* Exercise data *
--------------------------------------------------

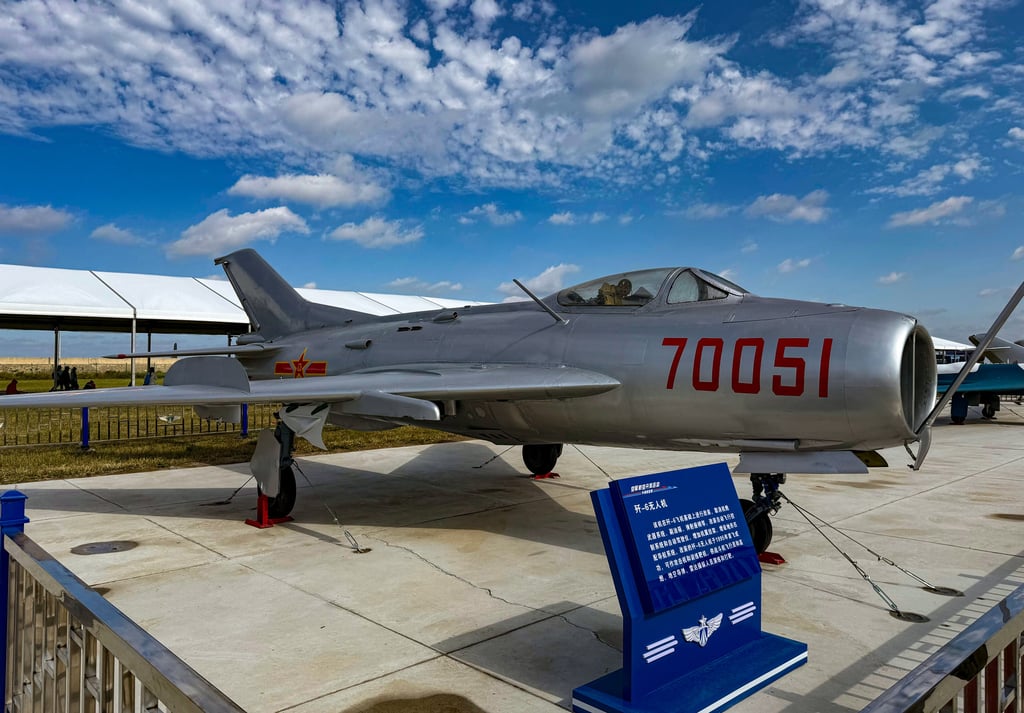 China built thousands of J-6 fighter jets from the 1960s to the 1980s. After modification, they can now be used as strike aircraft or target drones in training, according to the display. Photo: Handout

--------------------------------------------------

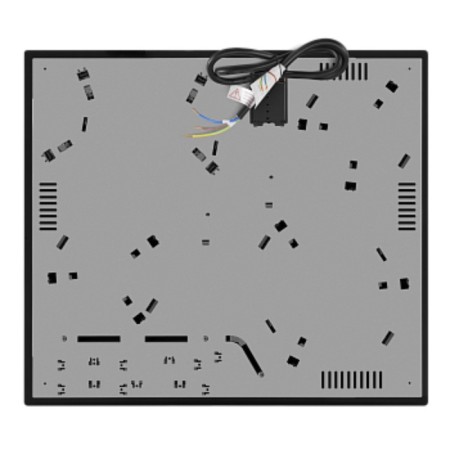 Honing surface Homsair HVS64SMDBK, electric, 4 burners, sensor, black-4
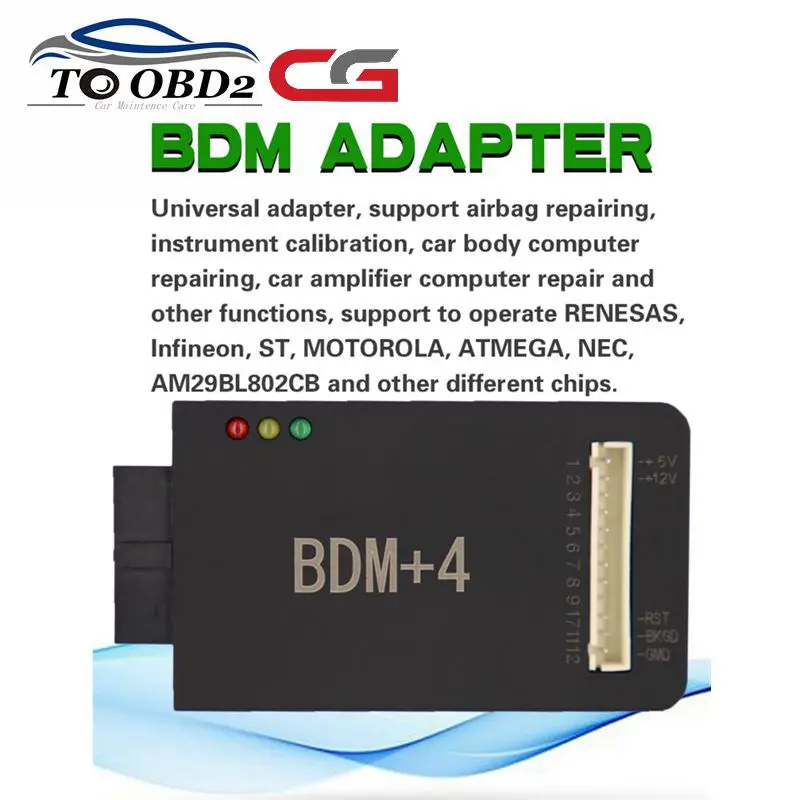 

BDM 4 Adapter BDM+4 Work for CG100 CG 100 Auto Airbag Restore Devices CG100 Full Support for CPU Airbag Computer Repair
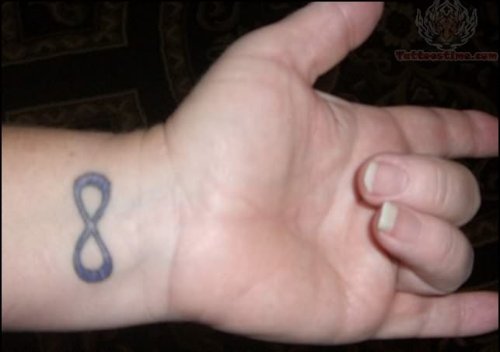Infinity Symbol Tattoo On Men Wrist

--------------------------------------------------

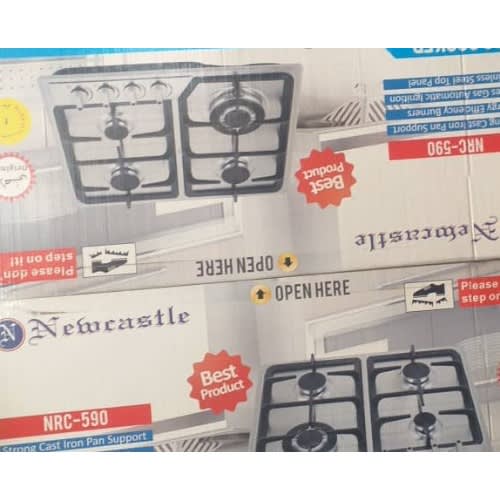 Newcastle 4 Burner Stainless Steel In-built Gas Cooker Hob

--------------------------------------------------

* Task description *
Give again, exactly as written above, each line from the one that has "Honing surface Homsair" to the one that has "Infinity Symbol Tattoo On Men Wrist", both included; omit the pictures.

* Answer space *
 Honing surface Homsair HVS64SMDBK, electric, 4 burners, sensor, black-4

BDM 4 Adapter BDM+4 Work for CG100 CG 100 Auto Airbag Restore Devices CG100 Full Support for CPU Airbag Computer Repair
Infinity Symbol Tattoo On Men Wrist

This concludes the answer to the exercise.